- Born: 28 January 1889 Damietta, Egypt
- Died: 28 June 1979 (aged 90) Zamalek, Egypt
- Occupation: Activist
- Known for: Co-founding the Egyptian Feminist Union and Badaliya sodality

= Mary Kahil =

Egyptian feminist and Christian mystic

Mary Kahil (28 January 1889 – 28 June 1979) was an Egyptian feminist and Christian mystic. She was a member of the Melkite Greek Catholic Church, a founder of the Egyptian Feminist Union along with Huda Sha'arawi, and promoted Christian–Muslim dialogue in Egypt. She was also an intimate associate of Louis Massignon, with whom she founded the Badaliya movement.

==Life==
Mary Kahil was born in Damietta on 28 January 1889 to a bourgeois Melkite Greek Catholic family. Her father's family had migrated from Syria to Egypt in 1775 and risen to prominence under the viceregency of Muhammad Ali; her mother was German. She was educated in convent schools in Cairo and Beirut and spent the period of World War I with her mother's family in Europe before returning to Cairo.
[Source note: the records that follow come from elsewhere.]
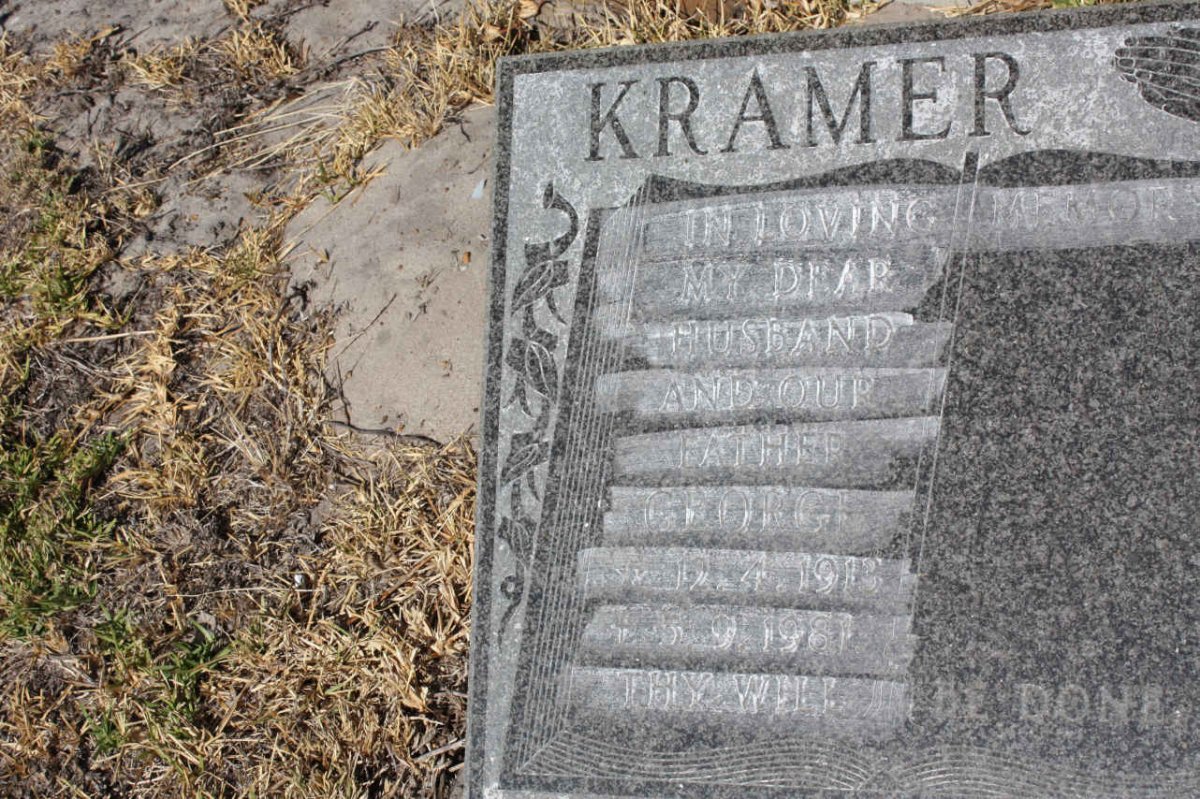 KRAMER George 1913-1981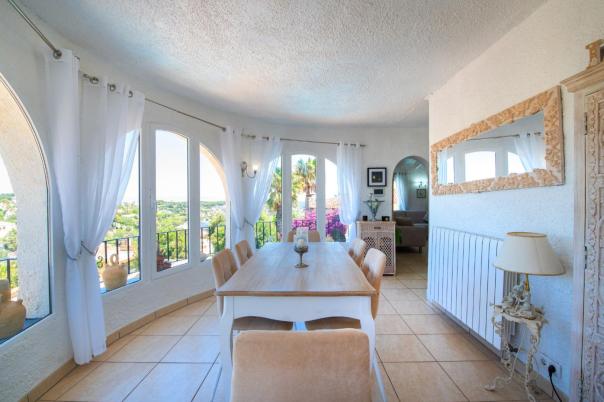 5 bed villas in Benissa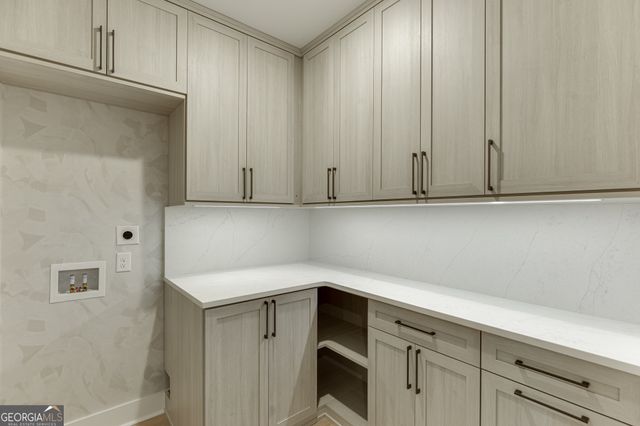 7032 Cottage Grove Drive, Flowery Branch, GA 30542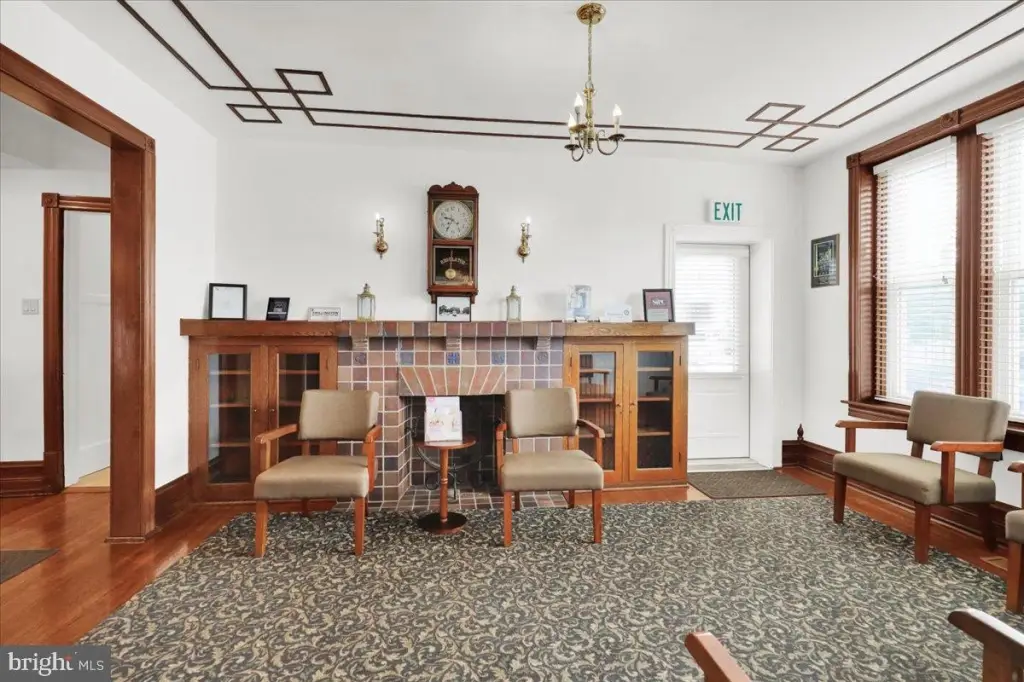 Picture 5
After returning to Cairo in 1920, Kahil became a cofounder with Huda Sha'arawi of the Egyptian Feminist Union, one of the first organized women's movements in the Arab world, and served as a secretary and codirector of the Islamic charity Mabarrat Muhammad 'Ali.

Board of the Egyptian Feminist Union circa 1923, Kahil standing center in back.

Significantly, the feminist movement in Egypt was inclusive of both Muslim and Christian women. The main priorities of this movement were to reform the legal rights of women, to outlaw child marriage, and to guarantee equal access to education for women. In addition, they opposed British imperialism, colonialism, and Zionism. Kahil played a leading role in the union's activities, and was during this time associated with Out el Kouloub, Umm Kulthum, and the family of Taha Hussein. Kahil was celibate.

Kahil was a leader in interreligious dialogue in twentieth-century Egypt. Kahil purchased a decommissioned Anglican church in Cairo, which was refounded as a Melkite Greek Catholic parish under the name Our Lady of Peace. In an adjacent house, she founded the Dar-es-Salaam Centre. The institution promoted interreligious dialogue, Arab Christian culture, and Egyptology, hosting annual conferences featuring Christian scholars of Islam until Kahil's death.

Kahil died on 28 June 1979 at her home in Zamalek.

==Relationship with Louis Massignon==
Kahil first met Louis Massignon in 1912, but did not meet him again until 1934.

In 1934, Kahil and Massignon met again in Cairo, and traveled to Damietta to pray at an abandoned church. When praying at this church, they vowed to live a life of intercession on behalf of Muslims; this was the founding of the Badaliya prayer movement. The two began an intimate correspondence. The correspondence between Massignon and Kahil has been partially published, though Kahil destroyed many of her letters and others are kept in an archive in the Vatican with no public access.

In addition to their shared religious activity, Kahil was the main influence on Massignon's turn to radical political activism on behalf of Algerian Muslims and others. Massignon, in turn, found in his relationship with Kahil a means for the fulfillment of spiritual aspirations which he felt had been frustrated by his marriage and professional life. The two came to understand their friendship in mystical terms, and addressed each other by the Arabic names Ibrahim, Massignon's religious name as a Franciscan tertiary and Maryam, the Arabic form of Kahil's name, extensively quoting Sufi poetry in their letters. Despite their intimacy and collaboration, the friendship was also a source of deep suffering for Kahil. After Massignon's death, Kahil wrote in her journal that she had a vision of Jean-Mohammed Abd-el-Jalil who assured her that Massignon had also suffered in their relationship, which brought her peace while grieving his death.